La nostra scuola è in fiamme. Parafrasando il celebre grido d’allarme che Greta Thunberg lanciò per il pianeta, oggi è il nostro sistema educativo a trovarsi in una situazione di totale emergenza. A una settimana dall’inizio dell’anno scolastico, diventa inevitabile riflettere su quanto il grande patrimonio culturale dell’istruzione scolastica abbia incontrato negli anni diversi ostacoli, ultimo dei quali il caldo soffocante che, tra la tarda primavera e l’inizio dell’autunno, tiene in ostaggio le aule e le palestre reggiane, rendendo invivibili questi spazi così essenziali per la comunità.

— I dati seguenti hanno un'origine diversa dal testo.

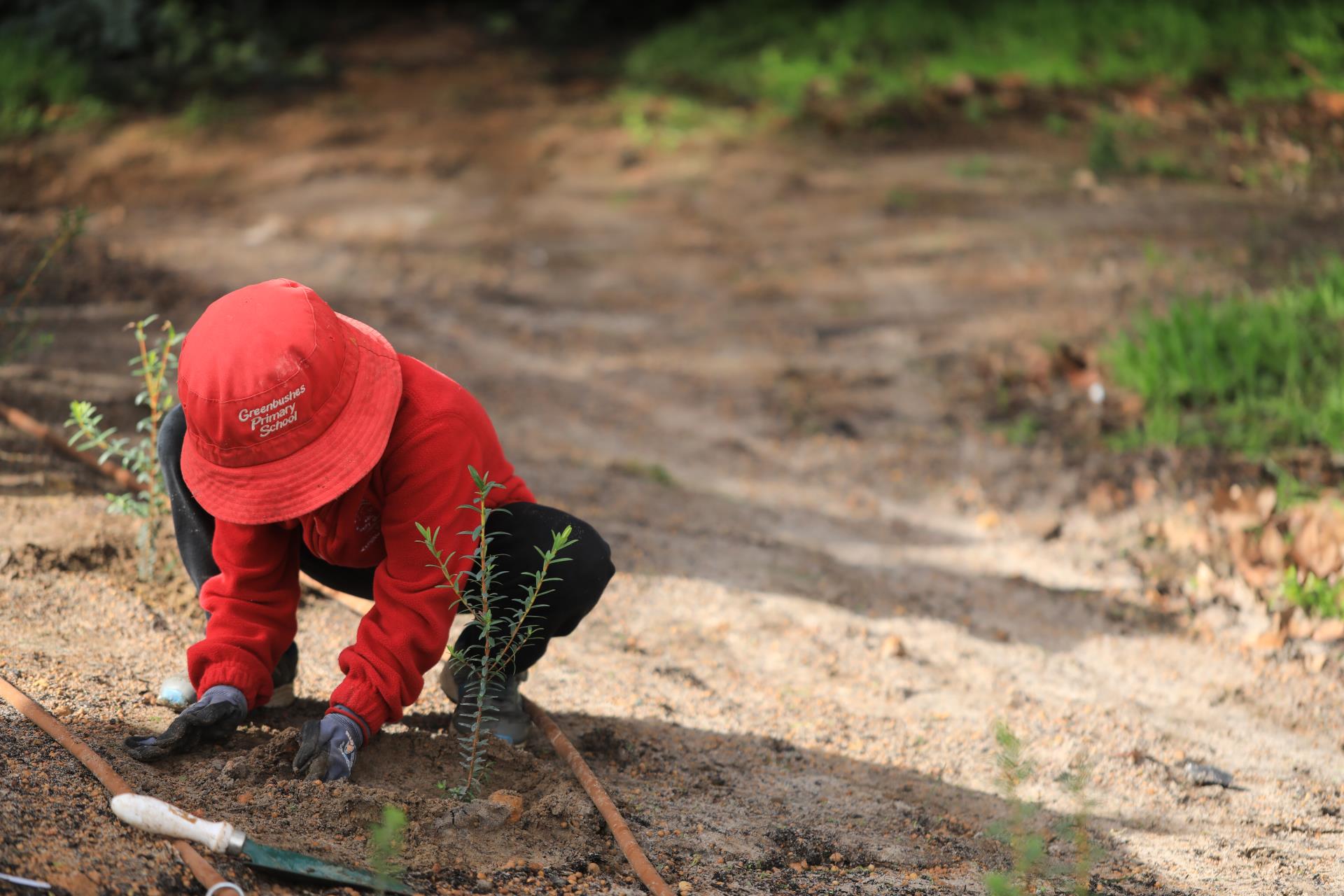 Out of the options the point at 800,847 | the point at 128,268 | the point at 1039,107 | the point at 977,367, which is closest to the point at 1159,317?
the point at 977,367

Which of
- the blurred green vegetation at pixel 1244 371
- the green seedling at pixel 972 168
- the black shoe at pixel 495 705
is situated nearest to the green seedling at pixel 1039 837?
the black shoe at pixel 495 705

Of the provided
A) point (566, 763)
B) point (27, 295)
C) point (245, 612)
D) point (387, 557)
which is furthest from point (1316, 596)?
point (27, 295)

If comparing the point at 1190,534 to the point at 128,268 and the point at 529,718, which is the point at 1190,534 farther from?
the point at 128,268

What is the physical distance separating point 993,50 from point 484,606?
7.27m

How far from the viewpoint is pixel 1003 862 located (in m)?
2.20

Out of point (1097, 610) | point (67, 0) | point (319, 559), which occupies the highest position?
point (67, 0)

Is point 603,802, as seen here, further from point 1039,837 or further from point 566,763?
point 1039,837

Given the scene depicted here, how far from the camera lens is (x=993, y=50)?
8.11 meters

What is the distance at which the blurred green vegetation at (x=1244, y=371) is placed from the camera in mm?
4207

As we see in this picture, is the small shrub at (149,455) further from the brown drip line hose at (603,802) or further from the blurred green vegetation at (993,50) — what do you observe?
the blurred green vegetation at (993,50)

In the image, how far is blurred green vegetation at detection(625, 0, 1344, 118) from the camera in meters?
7.11

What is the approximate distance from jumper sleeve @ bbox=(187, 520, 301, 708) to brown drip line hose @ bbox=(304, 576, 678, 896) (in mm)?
561

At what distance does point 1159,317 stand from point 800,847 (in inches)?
139

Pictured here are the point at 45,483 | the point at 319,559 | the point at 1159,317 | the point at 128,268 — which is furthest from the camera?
the point at 128,268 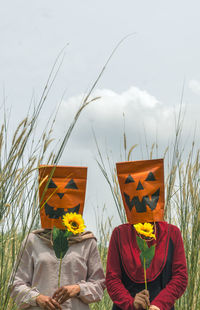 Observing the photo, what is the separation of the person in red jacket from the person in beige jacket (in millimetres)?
129

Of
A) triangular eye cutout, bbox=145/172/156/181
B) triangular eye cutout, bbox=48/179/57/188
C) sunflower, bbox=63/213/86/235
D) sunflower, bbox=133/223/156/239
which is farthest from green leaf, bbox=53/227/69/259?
triangular eye cutout, bbox=145/172/156/181

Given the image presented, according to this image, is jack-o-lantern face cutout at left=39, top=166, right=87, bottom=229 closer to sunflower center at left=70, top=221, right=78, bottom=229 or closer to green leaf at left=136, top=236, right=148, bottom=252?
sunflower center at left=70, top=221, right=78, bottom=229

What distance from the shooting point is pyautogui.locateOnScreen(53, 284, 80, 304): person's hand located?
2.37 meters

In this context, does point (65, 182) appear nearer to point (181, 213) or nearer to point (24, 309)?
point (24, 309)

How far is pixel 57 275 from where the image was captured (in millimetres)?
2492

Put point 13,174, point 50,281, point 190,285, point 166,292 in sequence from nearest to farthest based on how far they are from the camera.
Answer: point 13,174, point 166,292, point 50,281, point 190,285

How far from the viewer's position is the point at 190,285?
3.06 metres

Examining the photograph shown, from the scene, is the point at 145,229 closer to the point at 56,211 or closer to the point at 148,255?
the point at 148,255

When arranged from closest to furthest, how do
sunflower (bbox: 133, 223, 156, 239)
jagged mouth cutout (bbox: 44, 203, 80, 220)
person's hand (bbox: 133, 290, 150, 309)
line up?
person's hand (bbox: 133, 290, 150, 309), sunflower (bbox: 133, 223, 156, 239), jagged mouth cutout (bbox: 44, 203, 80, 220)

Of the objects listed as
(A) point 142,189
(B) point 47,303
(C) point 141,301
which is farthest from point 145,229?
(B) point 47,303

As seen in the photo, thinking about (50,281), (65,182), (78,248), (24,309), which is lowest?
(24,309)

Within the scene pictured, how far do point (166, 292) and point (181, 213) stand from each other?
40.0 inches

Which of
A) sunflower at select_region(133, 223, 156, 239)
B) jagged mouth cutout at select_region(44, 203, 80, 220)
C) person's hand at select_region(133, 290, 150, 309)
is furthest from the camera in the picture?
jagged mouth cutout at select_region(44, 203, 80, 220)

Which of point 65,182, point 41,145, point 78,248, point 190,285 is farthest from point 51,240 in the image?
point 190,285
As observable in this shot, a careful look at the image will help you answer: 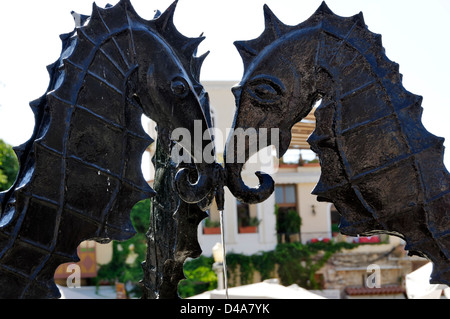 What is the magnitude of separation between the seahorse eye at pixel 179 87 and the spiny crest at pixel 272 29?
299 mm

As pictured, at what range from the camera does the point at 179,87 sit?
2553 millimetres

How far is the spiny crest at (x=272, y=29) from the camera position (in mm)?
2568

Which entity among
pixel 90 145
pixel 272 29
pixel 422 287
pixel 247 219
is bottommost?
pixel 422 287

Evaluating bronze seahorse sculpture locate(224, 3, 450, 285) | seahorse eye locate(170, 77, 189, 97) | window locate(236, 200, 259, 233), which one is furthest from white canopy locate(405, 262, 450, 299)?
window locate(236, 200, 259, 233)

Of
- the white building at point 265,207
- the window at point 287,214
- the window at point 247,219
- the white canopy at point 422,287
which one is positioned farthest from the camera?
the window at point 287,214

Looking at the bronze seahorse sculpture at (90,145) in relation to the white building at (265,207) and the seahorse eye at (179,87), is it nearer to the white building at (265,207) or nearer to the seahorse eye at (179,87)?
the seahorse eye at (179,87)

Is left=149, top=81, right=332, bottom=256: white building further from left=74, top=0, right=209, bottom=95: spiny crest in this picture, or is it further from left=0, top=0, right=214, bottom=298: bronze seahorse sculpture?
left=0, top=0, right=214, bottom=298: bronze seahorse sculpture

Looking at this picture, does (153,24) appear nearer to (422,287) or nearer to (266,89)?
Answer: (266,89)

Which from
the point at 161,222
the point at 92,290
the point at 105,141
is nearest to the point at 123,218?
the point at 105,141

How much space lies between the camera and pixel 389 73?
2525mm

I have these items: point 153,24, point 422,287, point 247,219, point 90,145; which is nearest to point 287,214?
point 247,219

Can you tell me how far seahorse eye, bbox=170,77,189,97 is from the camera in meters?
2.55

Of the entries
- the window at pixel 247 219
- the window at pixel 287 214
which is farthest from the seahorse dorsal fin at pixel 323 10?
the window at pixel 287 214

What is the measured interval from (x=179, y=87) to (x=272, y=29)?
520mm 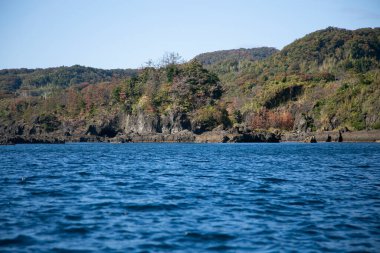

La scuola, è importante ricordarlo, è il fondamento della democrazia e lo specchio della salute di un Paese. "Vorrei che tutti leggessero, non per diventare letterati o poeti, ma perché nessuno sia più schiavo", ammoniva Gianni Rodari già nella seconda metà del secolo scorso.

Per questo il benessere degli studenti deve tornare al centro dell’agenda politica e sociale: proteggere i giovani e metterli in condizione di costruire il proprio futuro è l’unico modo per evitare che l’intera società raggiunga il collasso. Questo tema è particolarmente sentito tra i docenti della nostra provincia, che a più riprese continuano a protestare per una situazione che minaccia di mettere a rischio la serenità e la salute degli studenti.